The Heart Calls Home Read online




  Contents

  Prologue

  Chapter 1

  Chapter 2

  Chapter 3

  Chapter 4

  Chapter 5

  Chapter 6

  Chapter 7

  Chapter 8

  Chapter 9

  Chapter 10

  Chapter 11

  Chapter 12

  Chapter 13

  Chapter 14

  Chapter 15

  Chapter 16

  Chapter 17

  Chapter 18

  Chapter 19

  Chapter 20

  Chapter 21

  Chapter 22

  Chapter 23

  Chapter 24

  Chapter 25

  Epilogue

  Author’s Note

  Also by Joyce Hansen

  To Dr. Harriet Pitts—a dedicated teacher—

  a faithful friend

  Prologue

  June 1866

  Obi immediately recognized the dirt road leading to the Jennings farm.

  “Driver,” he shouted over the rattling horse and buggy, “let me off here.” He practically jumped out of the carriage before the coachman halted the horses. He handed the driver two dollars and a generous fifty-cent tip for the ride from Charleston.

  “Thank you, sir.” The man tipped his hat, revealing a full head of thick gray hair. “This be your final stop, or do you want me to come back for you?”

  “I’m returning to Charleston, but I don’t know how long I’ll be here. You best not bother about coming back. I’ll hail a carriage along the road or walk.”

  The coachman stared admiringly at Obi, who wore his blue army uniform with his soft forage cap turned very slightly to the side. With his high cheekbones, deep-set dark eyes, and a surprising smile showing perfect white teeth, Obi cut a handsome figure. “You might have to walk back then,” the man said, “’less a black driver come by. White drivers won’t pick up colored, especially soldiers. I know you a military man and all, but it dangerous walking these roads alone at night.”

  Obi shaded his eyes from the bright morning sun and gazed at the beginning of the pine forest in the distance and the nearby oak grove. Slowly the scene sharpened in his mind and became familiar to him once again. He reached in his pocket and handed the man another dollar. “Wait for me here,” he said. “I’ll be back in an hour.”

  “Yes, sir. Thank you, sir. I’ll be right here.”

  Obi tried to remain calm as he strolled slowly down the path he’d often walked as a barefoot boy and a barefoot young man—the slave of John Jennings. Though he was wearing sturdy boots, he imagined that he could still feel the sandy soil between his toes. Now he was a free man, an army man, Corporal Obidiah Booker of the 104th U.S. Colored Infantry, assigned to the Freedmen’s Bureau in Beaufort.

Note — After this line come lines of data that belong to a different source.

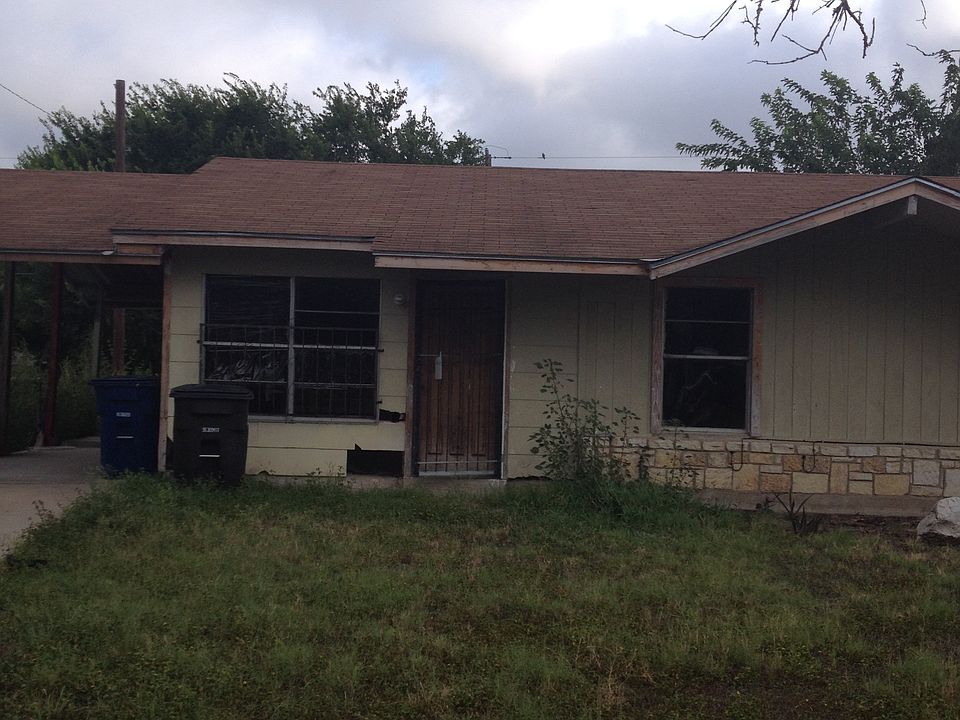 1st image of 5551 Knoll Krest Dr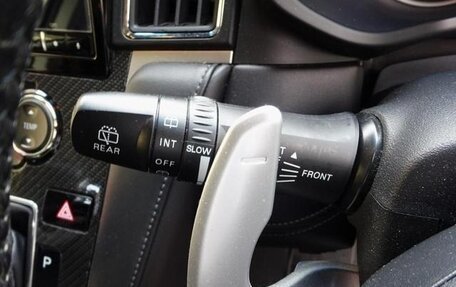 Mitsubishi Delica D:5 I, 2022 год, 2 645 000 рублей, 13 фотография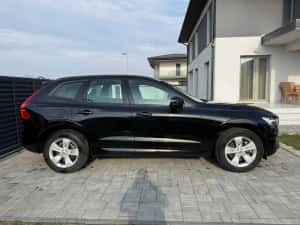 Volvo XC60 B4  Geartronic Business Diesel Hybrid MHEV — miniatura 4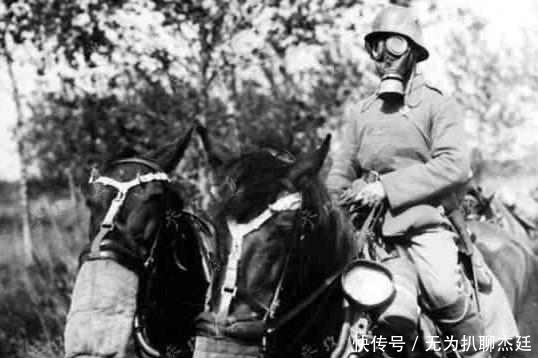 简直|日军捉了500名女学生,强迫一人吃一个饼,简直惨无人道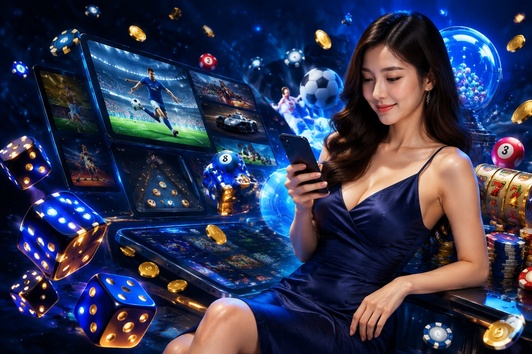 zaya99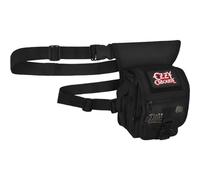 Brandit Mochila Ozzy Side Kick Bag 61029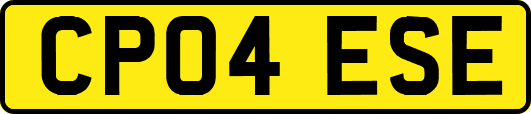CP04ESE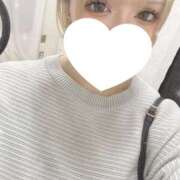 ヒメ日記 2026/05/26 01:43 投稿 らん プロフィール 京都店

  This was his second two-day pass since returning home to South Carolina from Tennessee in March, and once again he was using his free time to search for Easter and Jason, who had been slaves with him on the Jennings farm. Though they were not related by blood, they were the only family Obi had. And blood could not have made the need to find them any stronger.

  Five years ago, leaving Jason behind, Obi and Easter had escaped from the Jennings farm near Charleston, South Carolina, and headed for the Union-controlled Sea Islands. On the way they were captured by Confederate soldiers and forced to work in a Confederate army camp. When Obi eventually escaped to join the Union Army, he left alone. Easter, determined to go back to the farm and get Jason, had refused to leave with him.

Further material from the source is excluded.